This list entry was subject to a Minor Amendment on 07/12/2012

TQ 52 NW

(east side, off)
Jarvis Brook, Rotherfield Hall


House. Dated 1535, and C17; extended and altered 1897 by Francis Inigo Thomas
for Lindsay Lindsay-Hogg; later alterations. Earlier work in coursed squared
stone, C19 work in middlestone brought to course, all with ashlar dressings;
brick stacks; plain tile roofs. The earlier, northern, half was built up in
stages to form a square plan with central courtyard, the north and east ranges
possibly being the earliest parts; the south half built on in 1897 in matching
style. 2 storeys with attic; 11 bays, the 5 northern bays being the earliest.
Windows have hollow-moulded architraves and cyma-moulded hoodmoulds to those not
set below eaves; stone mullions, transoms to most windows; of 2 or 3 lights to
main elevations. East (entrance) elevation: central full-height gabled porch
dated "L/H/A 1897" having steps up to round-arched, nail-studded, panelled door
below canopy supported by columns and with ball-on-cushion finials; 3-light
window over has tripartite keystone in tympanum of segmental pediment.
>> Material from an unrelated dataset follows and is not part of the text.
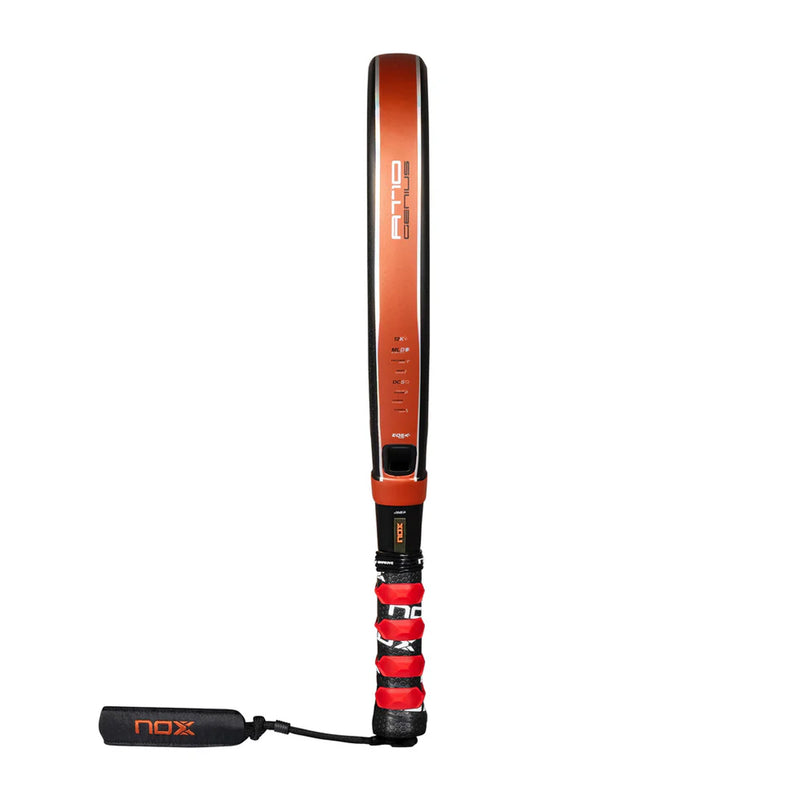 Nox AT10 Luxury Genius Attack 12K 2025 by Agustin Tapia Padel Racquet 7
Bays 3
and 9 have embattled, 2-storey, projecting bays each with a 3-light
Perpendicular-style ground-floor window with decorative panel over, and a gabled
attic dormer, that to bay 9 with date "1669". Mullioned cellar windows to bays
8 and 10. Possibly added external stack between right-hand windows has offset
buttress and old brick chimney; other stacks to ridge, to rear roof line and at
left side. Ball finials to gables. Hipped roof. West (garden) elevation:
central full-height gabled porch with round archway to internal porch; "1535"
datestone and some 1-light windows at left end; at right end a wide opening with
central column to 1st-floor loggia; 2 hipped-roofed dormers. Right return:
three 4-light windows to each floor; blocked 3-light cellar windows to left and
right; 3 buttresses with offsets and stones inscribed: "SS/1666" to left,
"LLH/&/ALH" to centre, and "LH/1891" to right. Left return: on left, 3-bay
hipped-roofed projection with 3 rusticated round-arched openings to ground floor
and 2-columned loggia on 1st floor, the doors and windows with small-paned
glazing. Interior: principal features of interest are in the earlier, northern,
part. Ground floor: rear right-hand room has stone Tudor-arched fireplace with
leafy spandrels, "1535" datestone and similarly-dated moulded wooden cornice,
nail-studded panelled doors with raised lozenges and elaborately-decorated
architraves; similar fireplaces in hall and in front right-hand room, which also
has C16-style panelling; rear range at left end has old inglenook fireplace
(with panelled surround of 1908); C19 stair in C17 style. 1st floor: front
range has jewelled wall posts supporting large-scantling cross-beams with
stepped, cyma stops; right range has moulded stone Tudor-arched fireplate to
rear room; rear range has large-scantling chamfered beams with pyramidal, cyma
stops; left range has a corniced hollow-moulded 1-light window in formerly
external wall. Roof: collared principal rafter trusses; bridle-jointed rafters;
chamfered butt purlins staggered in right range, left end of rear range formerly
hipped; rafters formerly between rear range and left range removed, indicating
different building phases. The original house was built for the Fowles family,
who made their wealth in the iron industry. The architectural design of the
house is carried on in its garden setting also designed by Inigo Thomas, and
listed Grade II* in the Register of Historic Parks and Gardens of Special
Interest. Country Lift Vol 26 (August 14th 1909), pp. 228-236.
Architectural Review, Vol 34 (1913), pp 19-20.

Listing NGR: TQ5429128983

This text is from the original listing, and may not necessarily reflect the current setting of the building.